Только не здесь умирать. Только не в эту землю. Хоть ногтями цепляясь, хоть тенью, но возвратиться домой!
— Интересно, а Пасху мы справим? — завёлся Котельников.
Кира нехорошо дёрнуло. Вспомнились камеи Лок-шина и потёртый на сгибах псалом — мамино благословение, её рукою переписанное.
Она хотела дать «Живые помощи» на пояске: «От зла оберегает». Он засмущался: «Маменька, это Европа! Как я буду выглядеть там… с пояском!»
— Да. Страусиным яйцом похристосуемся.
— Вечно ты язвишь, Артанов.
— Какая Пасха, Анатоль!
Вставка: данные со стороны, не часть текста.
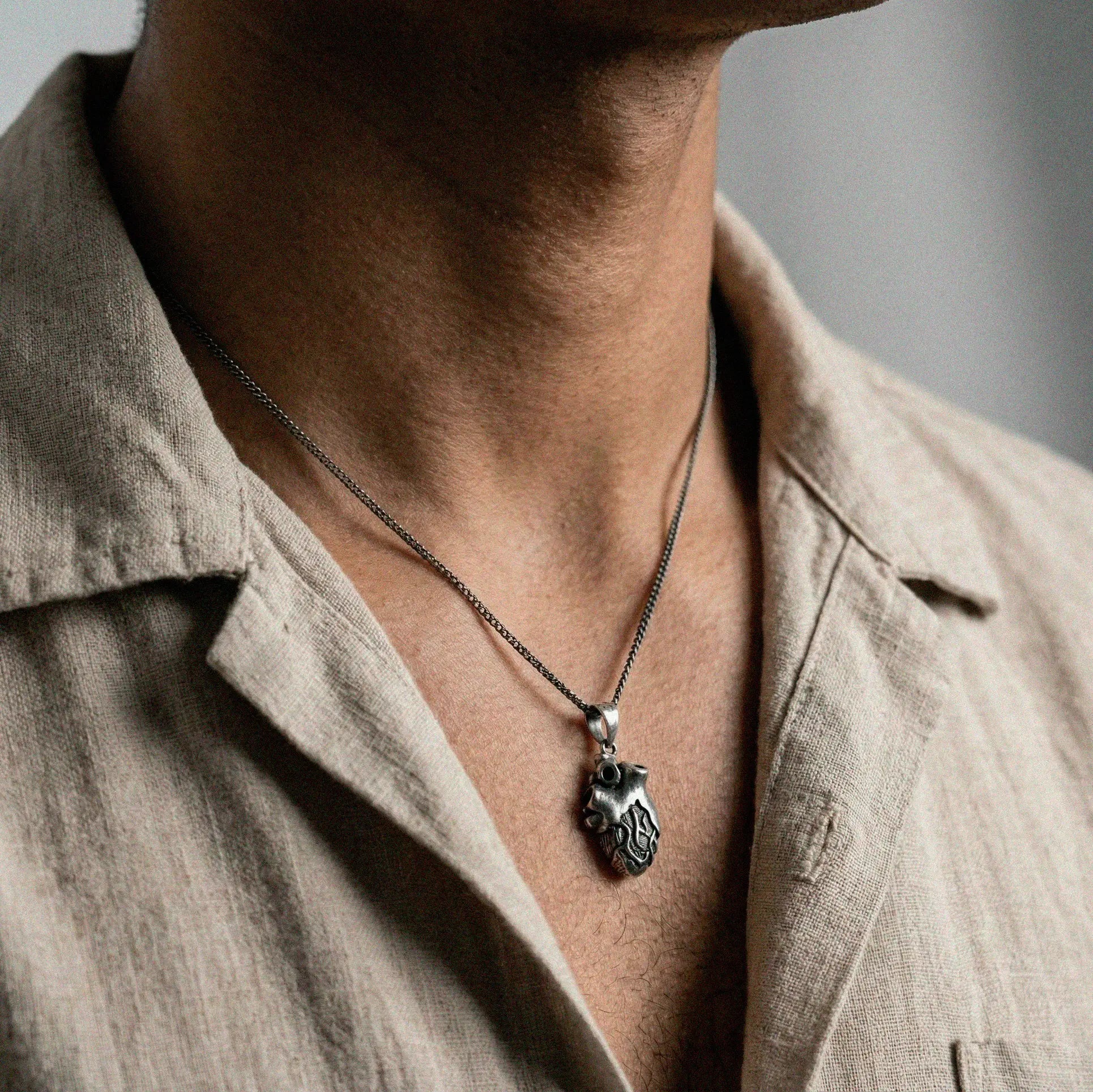 Person wearing a necklace with a heart pendant on a neutral background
Тут Африка, сюда Христос не дошёл. И время сдвинулось, ты понимаешь? Всё сдвинулось.
— Не приемлю календарь большевиков! Мы вернёмся и восстановим юлианский стиль. Железной рукой, Кир. В августе едем к адмиралу Колчаку, через Владивосток…
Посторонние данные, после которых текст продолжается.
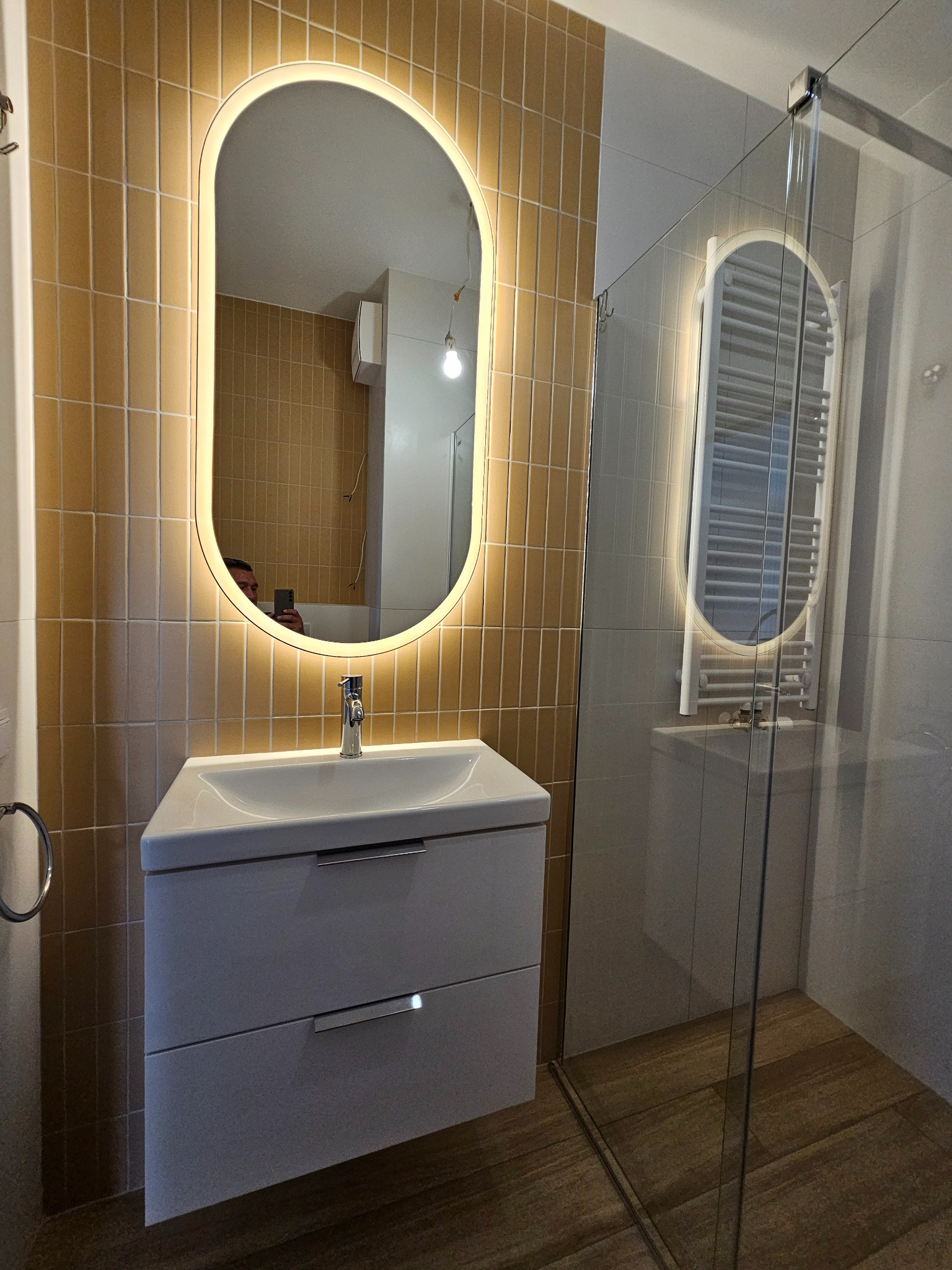 Nowoczesna łazienka w Krakowie z beżowymi, pionowo ułożonymi płytkami, podświetlanym owalnym lustrem nad białą szafką z umywalką oraz kabiną prysznicową ze szklanymi drzwiami.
— Хватит, я устал от войны.
— Между прочим, о войне, — бесцеремонно вмешался Иевлев, похрустывая неизвестным африканским овощем. — Рите, твои тягачи исправны?
— Машины можно заводить хоть завтра утром.
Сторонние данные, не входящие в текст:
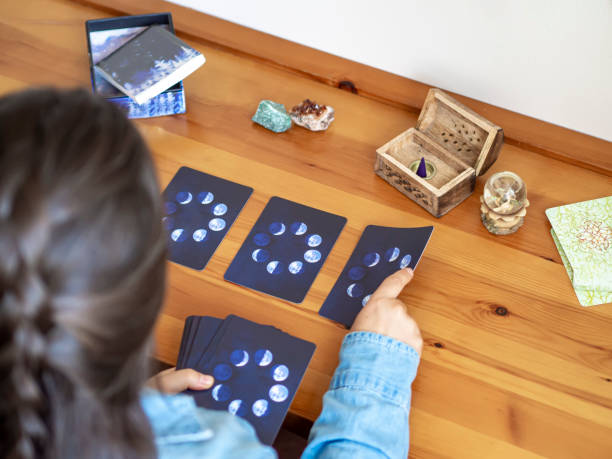 reading moon tarot cards for herself at home with a magical atmosphere stock photo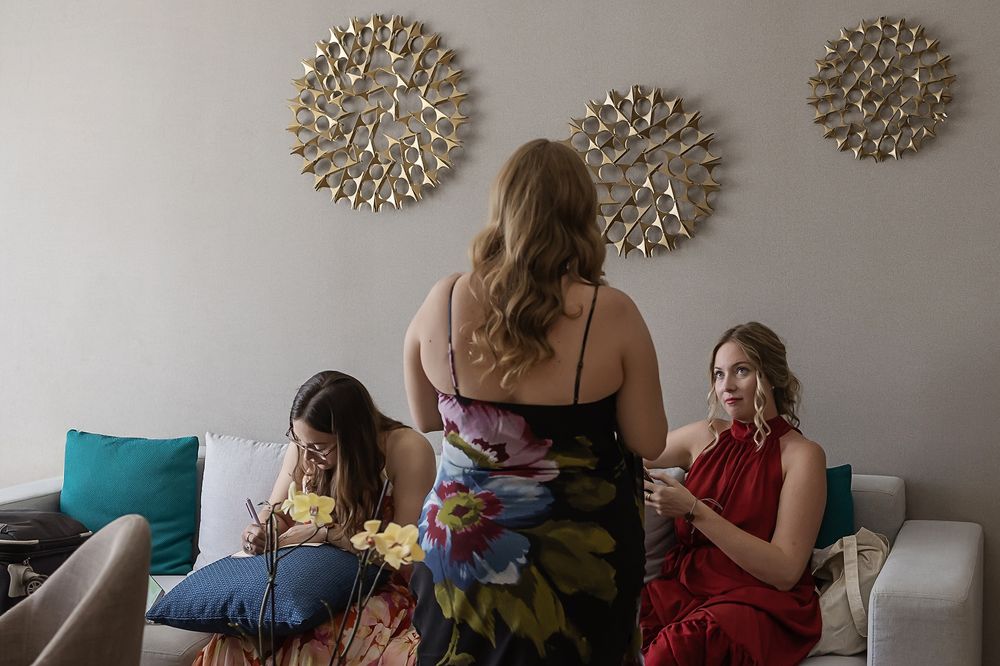 People sitting together on a couch sharing snacks and drinks during a casual gathering at home.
— Завтра не завтра, а до ливней надо оттянуться к шляху, иначе завязнем с обозом и пушками. На себе тащить — ещё в Европе надоело. А малашики нам покоя не дадут, и не надейтесь. В сезон дождей им, голышам, раздолье. Сяо, сколько осталось копий у Обака?
Чёрная тень саванны — Обак, вождь малашиков, таился где-то рядом, засылал лазутчиков, ждал своего часа. Этот боевой зверь держал на сворке стаю хищников, чтобы в удобный миг бросить их на батальон.